GLP-1 downregulates the expression of RAGE in H9c2 cells. (A) H9c2 cells were immunostained with anti-mouse RAGE primary antibody and fluorescein isothiocyanate-conjugated secondary antibody (green), and were counterstained with DAPI (blue). The expression of RAGE was upregulated by exposure of increasing concentrations of AOPPs-RSA for 24 h (magnification, ×400). (B) GLP-1 significantly decreased the protein expression of RAGE, as determined by western blotting. (C) GLP-1 significantly decreased the mRNA expression of RAGE as determined by reverse transcription-quantitative polymerase chain reaction.

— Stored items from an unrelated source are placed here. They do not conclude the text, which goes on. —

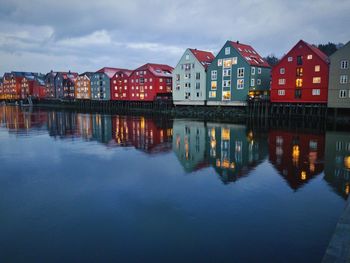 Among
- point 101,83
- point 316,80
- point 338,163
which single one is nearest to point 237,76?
point 316,80

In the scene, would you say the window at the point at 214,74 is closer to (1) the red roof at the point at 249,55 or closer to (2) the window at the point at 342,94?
(1) the red roof at the point at 249,55

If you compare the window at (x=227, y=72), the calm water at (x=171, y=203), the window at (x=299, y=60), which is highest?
the window at (x=299, y=60)

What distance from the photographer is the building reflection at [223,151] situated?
1959 cm

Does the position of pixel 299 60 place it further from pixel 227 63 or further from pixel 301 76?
pixel 227 63

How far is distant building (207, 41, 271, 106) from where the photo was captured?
59219 mm

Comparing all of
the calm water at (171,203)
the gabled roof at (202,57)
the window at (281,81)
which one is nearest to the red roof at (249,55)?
the window at (281,81)

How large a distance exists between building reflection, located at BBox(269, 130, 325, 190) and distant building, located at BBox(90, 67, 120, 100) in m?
75.2

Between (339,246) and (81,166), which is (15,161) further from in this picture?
(339,246)

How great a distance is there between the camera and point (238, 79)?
197ft

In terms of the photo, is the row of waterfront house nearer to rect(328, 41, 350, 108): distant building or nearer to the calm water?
rect(328, 41, 350, 108): distant building

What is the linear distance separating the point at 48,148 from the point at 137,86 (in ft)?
201

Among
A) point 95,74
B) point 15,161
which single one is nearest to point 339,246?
point 15,161

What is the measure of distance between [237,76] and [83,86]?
73.2 m

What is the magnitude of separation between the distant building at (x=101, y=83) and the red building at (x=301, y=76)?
61809mm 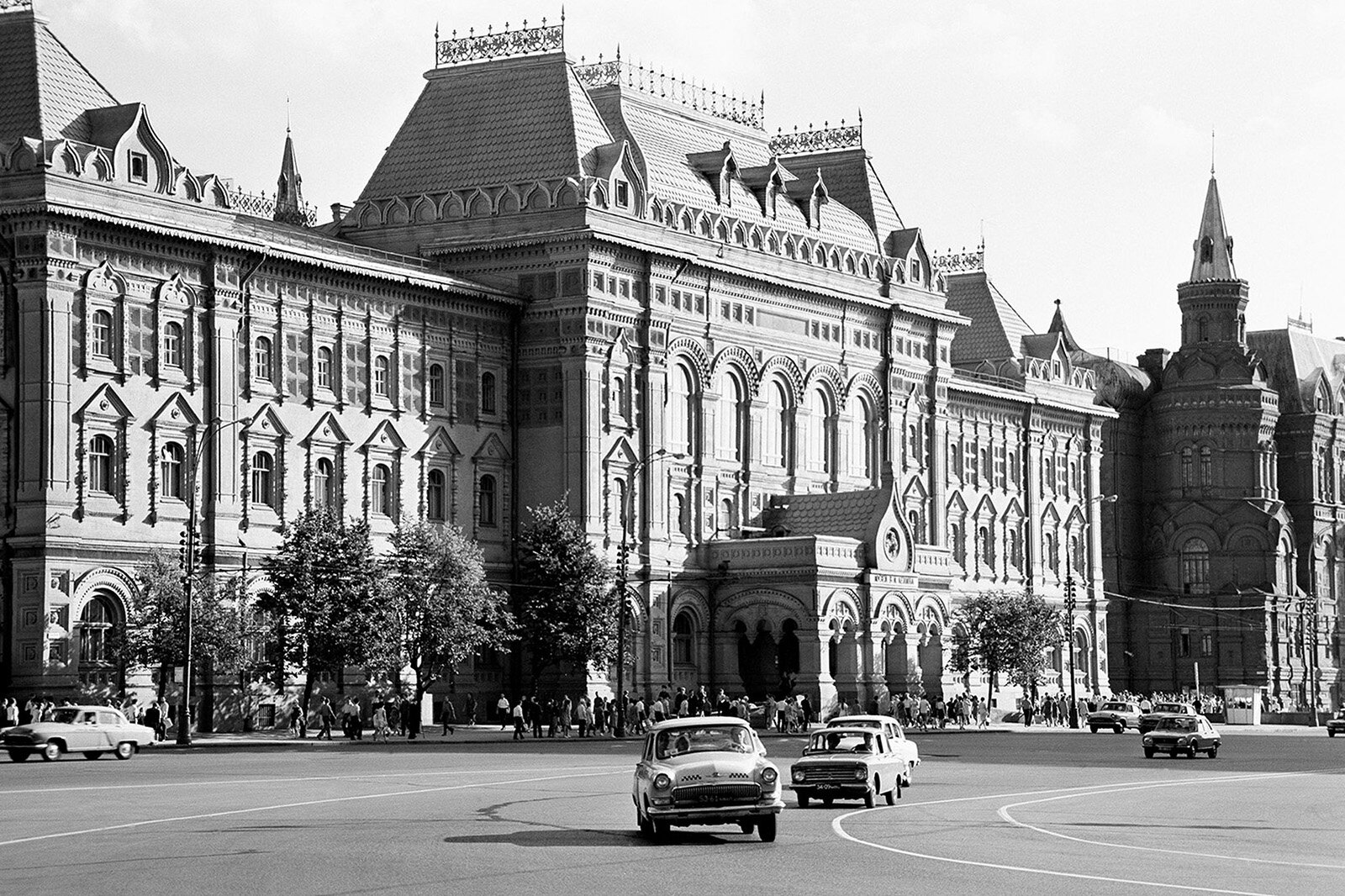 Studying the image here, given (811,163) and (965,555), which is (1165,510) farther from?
(811,163)

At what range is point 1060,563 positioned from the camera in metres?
142

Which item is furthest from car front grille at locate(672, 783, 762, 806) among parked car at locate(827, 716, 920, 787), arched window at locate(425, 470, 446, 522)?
arched window at locate(425, 470, 446, 522)

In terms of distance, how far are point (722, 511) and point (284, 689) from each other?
27.4 meters

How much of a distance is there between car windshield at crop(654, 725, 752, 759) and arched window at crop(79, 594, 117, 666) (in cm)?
4195

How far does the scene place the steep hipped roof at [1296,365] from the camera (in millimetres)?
170375

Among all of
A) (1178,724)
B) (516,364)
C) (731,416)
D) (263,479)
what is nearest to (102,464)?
(263,479)

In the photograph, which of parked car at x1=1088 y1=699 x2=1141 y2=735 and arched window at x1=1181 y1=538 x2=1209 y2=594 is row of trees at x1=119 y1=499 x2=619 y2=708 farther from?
arched window at x1=1181 y1=538 x2=1209 y2=594

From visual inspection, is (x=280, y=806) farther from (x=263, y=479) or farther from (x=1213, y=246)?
(x=1213, y=246)

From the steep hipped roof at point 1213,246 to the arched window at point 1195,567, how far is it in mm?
19168

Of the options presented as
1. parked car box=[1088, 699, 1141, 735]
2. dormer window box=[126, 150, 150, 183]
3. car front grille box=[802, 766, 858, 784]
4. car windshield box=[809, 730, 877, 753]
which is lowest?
parked car box=[1088, 699, 1141, 735]

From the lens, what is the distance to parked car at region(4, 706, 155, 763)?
61.8 m

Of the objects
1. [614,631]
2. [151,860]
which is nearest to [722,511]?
[614,631]

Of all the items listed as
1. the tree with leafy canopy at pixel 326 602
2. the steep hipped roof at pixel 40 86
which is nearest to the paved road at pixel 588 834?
the tree with leafy canopy at pixel 326 602

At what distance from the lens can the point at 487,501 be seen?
9562 centimetres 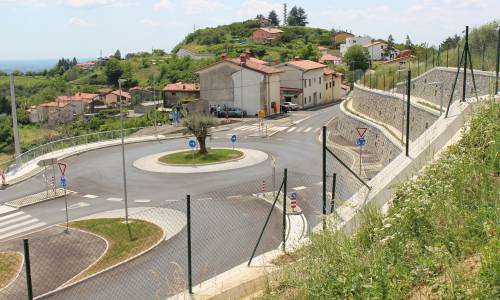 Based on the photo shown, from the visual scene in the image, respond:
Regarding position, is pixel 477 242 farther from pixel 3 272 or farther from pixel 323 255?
pixel 3 272

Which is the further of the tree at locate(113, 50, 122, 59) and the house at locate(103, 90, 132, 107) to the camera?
the tree at locate(113, 50, 122, 59)

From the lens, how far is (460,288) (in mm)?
4527

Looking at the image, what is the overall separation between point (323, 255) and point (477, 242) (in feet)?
5.81

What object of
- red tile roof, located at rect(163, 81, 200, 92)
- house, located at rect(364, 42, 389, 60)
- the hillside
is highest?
the hillside

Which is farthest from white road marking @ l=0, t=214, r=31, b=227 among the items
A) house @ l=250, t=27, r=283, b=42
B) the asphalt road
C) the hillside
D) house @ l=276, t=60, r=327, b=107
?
house @ l=250, t=27, r=283, b=42

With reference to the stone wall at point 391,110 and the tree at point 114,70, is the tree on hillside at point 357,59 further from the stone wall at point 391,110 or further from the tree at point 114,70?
the tree at point 114,70

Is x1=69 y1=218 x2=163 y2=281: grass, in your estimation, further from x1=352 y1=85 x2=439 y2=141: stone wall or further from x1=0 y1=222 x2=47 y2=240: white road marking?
x1=352 y1=85 x2=439 y2=141: stone wall

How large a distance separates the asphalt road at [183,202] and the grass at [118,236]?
1.79 feet

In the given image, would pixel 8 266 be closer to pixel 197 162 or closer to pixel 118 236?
pixel 118 236

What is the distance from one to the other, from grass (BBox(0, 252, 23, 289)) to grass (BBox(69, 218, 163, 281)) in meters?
2.04

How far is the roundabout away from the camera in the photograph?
29938mm

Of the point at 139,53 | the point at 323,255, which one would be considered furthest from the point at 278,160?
the point at 139,53

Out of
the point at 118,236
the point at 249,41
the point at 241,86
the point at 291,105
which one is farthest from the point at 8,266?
the point at 249,41

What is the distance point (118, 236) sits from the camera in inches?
702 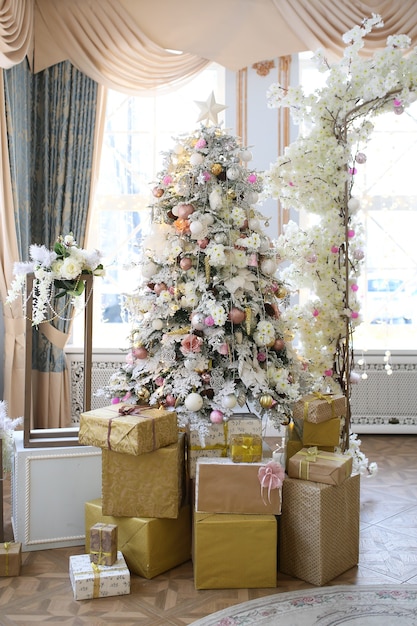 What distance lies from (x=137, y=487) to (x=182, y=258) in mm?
1211

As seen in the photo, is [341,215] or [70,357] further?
[70,357]

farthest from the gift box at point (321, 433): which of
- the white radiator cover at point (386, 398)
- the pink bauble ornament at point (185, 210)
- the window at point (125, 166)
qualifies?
the window at point (125, 166)

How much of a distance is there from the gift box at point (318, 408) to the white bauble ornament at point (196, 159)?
53.4 inches

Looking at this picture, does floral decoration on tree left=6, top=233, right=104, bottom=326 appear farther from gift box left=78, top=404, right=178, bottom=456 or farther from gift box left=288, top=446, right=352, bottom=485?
gift box left=288, top=446, right=352, bottom=485

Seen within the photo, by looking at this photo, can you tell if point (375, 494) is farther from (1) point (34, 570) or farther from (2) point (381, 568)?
(1) point (34, 570)

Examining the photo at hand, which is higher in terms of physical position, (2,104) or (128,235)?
(2,104)

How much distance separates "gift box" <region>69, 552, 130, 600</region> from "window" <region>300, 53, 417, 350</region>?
3.76 meters

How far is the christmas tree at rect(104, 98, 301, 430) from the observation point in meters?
3.57

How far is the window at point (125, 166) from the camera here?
6188 millimetres

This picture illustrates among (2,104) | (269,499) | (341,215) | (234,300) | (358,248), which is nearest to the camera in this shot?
(269,499)

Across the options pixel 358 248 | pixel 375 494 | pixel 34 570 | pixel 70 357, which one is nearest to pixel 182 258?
pixel 358 248

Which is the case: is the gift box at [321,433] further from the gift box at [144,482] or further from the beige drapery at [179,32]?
the beige drapery at [179,32]

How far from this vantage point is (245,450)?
321cm

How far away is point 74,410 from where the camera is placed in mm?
5863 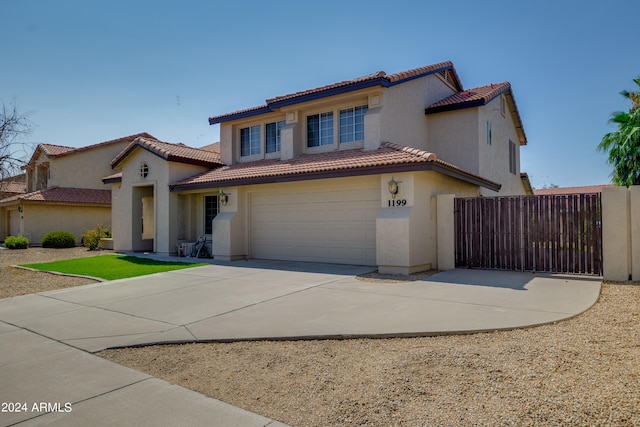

The data are expressed as the mean ± standard deviation of three independent experiments (^**P<0.01, vs. control; ^##P<0.01, vs. AOPPs-RSA-treated cells). GLP-1, Glucagon-like peptide-1; AOPPs, advanced oxidation protein products; RSA, rat serum albumin; RAGE, receptor for advanced glycation end product; DAPI, 4′,6-diamidino-2-phenylindole.

Figure 3

GLP-1 exerts its protective function via the GLP-1 receptor in H9c2 cells. (A) H9c2 cells were immunostained with anti-rabbit GLP-1R primary antibody and fluorescein isothiocyanate-conjugated secondary antibody (green), and counterstained with DAPI (blue; magnification, ×200). (B) GLP-1 significantly increased the expression of the GLP-1R, as determined by western blot analysis. (C) The mRNA expression of GLP-1R was increased following exposure to GLP-1 (50 nM) for 24 h, as measured by reverse transcription-quantitative polymerase chain reaction. The data are expressed as the mean ± standard deviation of three independent experiments (^**P<0.01, vs. control; ^##P<0.01, vs. AOPPs-treated cells). GLP-1, Glucagon-like peptide-1; GLP-1R, GLP-1 receptor; AOPPs, advanced oxidation protein products; RSA, rat serum albumin; DAPI, 4′,6-diamidino-2-phenylindole.

Figure 4

GLP-1 prevents AOPPs-induced apoptosis via the PI3K/Akt/BAD pathway in H9c2 cells. The cells were exposed to AOPPs-RSA (1 µg/ml), GLP-1 (50 nM) or LY294002 (10 µM) for 24 h. The protein expression levels were detected by western blotting. GLP-1 reversed AOPPs-RSA-induced (A) p-Akt and (B) p-bad inactivation. LY294002 significantly inhibited the effect of GLP-1. AOPPs-RSA decreased the expression of (C) Bcl-2 and increased the expression of (D) Bax and (E) activated caspase-3. GLP-1 reversed these effects, however, was suppressed by LY294002. The data are expressed as the mean ± standard deviation of three independent experiments (^*P<0.05 and ^**P<0.01, vs. control; ^#P<0.05 and ^##P<0.01, vs. AOPPSs-RSA treated cells). GLP-1, Glucagon-like peptide-1; AOPPs, advanced oxidation protein products; RSA, rat serum albumin; p-, phosphorylated; Bcl, B-cell lymphoma; Bax, Bcl-2-associated X protein; Bad, Bcl-2-associated death promoter.